For DNA extraction, cultures were grown on nutrient agar (HiMedia) for 24 h at 37°C. DNA was extracted using the PureLink genomic DNA minikit (Invitrogen, USA). DNA was sheared using the Megaruptor 3 shearing kit. A library was prepared using the PacBio SMRTbell Express template prep kit v2.0. SMRTbell templates were annealed using the Sequel binding and internal control kit v3.0. The Sequel sequencing kit v3.0 and a single-molecule real-time (SMRT) cell 1M v3 tray were used for sequencing. For each SMRT cell (Pacific Biosciences), 600 min movies were captured by Macrogen (Seoul, South Korea) using the PacBio Sequel I sequencing platform. Peaks smaller than 8 kb were removed using the BluePippin system. The numbers of generated reads and N50 values for each sample are shown in Table 1. Further processing of the DNA reads was performed using software tools as described below, with default parameter settings if not indicated otherwise. The DNA reads were quality controlled and checked for remaining adapters using LongQC v1.2.0c (1) and assembled using Canu v2.0 (2). Plasmid contigs were identified using Platon v1.6 (3). The contigs were scaffolded and joined using MeDuSa at http://combo.dbe.unifi.it/medusa (4) by comparison with the most closely related reference genomes identified in GenBank by BLASTN (Table 1). The original DNA reads were mapped to the scaffolds using pbmm2 (SMRT Link v10.10.119588) for error correction, and consensus sequences were generated from the alignments using the gcpp Arrow algorithm (SMRT Link v10.10.119588). The consensus sequences were annotated using the RAST server (https://rast.nmpdr.org/) with the RASTtk algorithm (5) and the “Fix frameshifts” setting. The chromosomal sequences were rotated to start with dnaA on the positive strand, and the plasmid sequences were shifted for 50 kb to perform circularization, final error fixation, and genome completion by another round of mapping of the initial PacBio reads using pbmm2. The final consensus sequences of the complete genomes were generated from the alignments and deposited at NCBI (Table 1). The GenBank annotation robot PGAP was used for annotation of the deposited genomes. Multilocus sequence typing (MLST) was performed using the BIGSdb (https://bigsdb.pasteur.fr/) and CBS (https://www.cbs.dtu.dk/services/MLST) databases (6, 7). The E. coli serotypes were predicted by genotype using SerotypeFinder v2.0.1 (http://cge.cbs.dtu.dk/services/SerotypeFinder/) (8).
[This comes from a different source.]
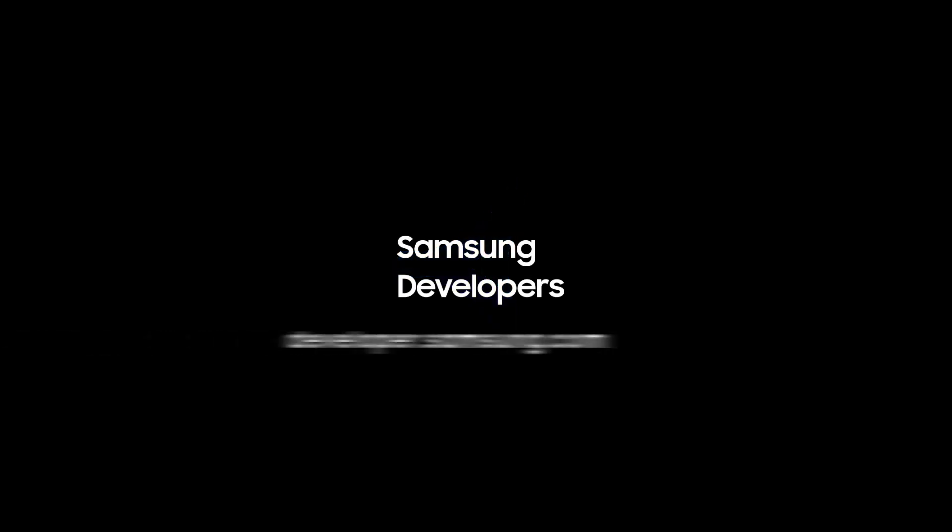To learn more, visit developer.samsung.com. Thank you.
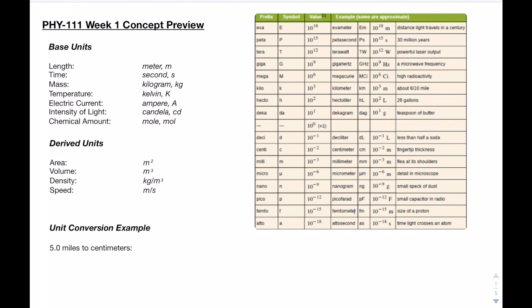Hey guys, in this video we're going to be going over the week 1 concepts for physics 111. Starting off with base units, we can see for instance that the meter is the base unit for length, and seconds are the base units for time, and so forth. It's just important to familiarize yourself with some of these base units as they'll be used a lot throughout physics.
The E. coli isolates belonged to MLST ST43 and ST3, which are widely distributed uropathogens (9). K. pneumoniae ST23 and ST380 are abundant hypervirulent and multidrug-resistant variants which emerged due to the acquisition of pLVPK-type virulence plasmids (10–12). Two P. aeruginosa isolates belong to ST308, which is a common causative agent of nosocomial infections (13).
Data availability.
The genome sequences are available from NCBI under BioProject accession number PRJNA754843 and the accession numbers shown in Table 1.
ACKNOWLEDGMENT
Sequencing was funded by grant BR09458960 of the program “Study of reversion of antibiotic resistance of pathogenic microorganisms,” provided by the Industrial Development Committee of the Ministry of Industry and Infrastructure Development of the Republic of Kazakhstan.
Contributor Information
Ilya S. Korotetskiy, Email: laeda81@gmail.com.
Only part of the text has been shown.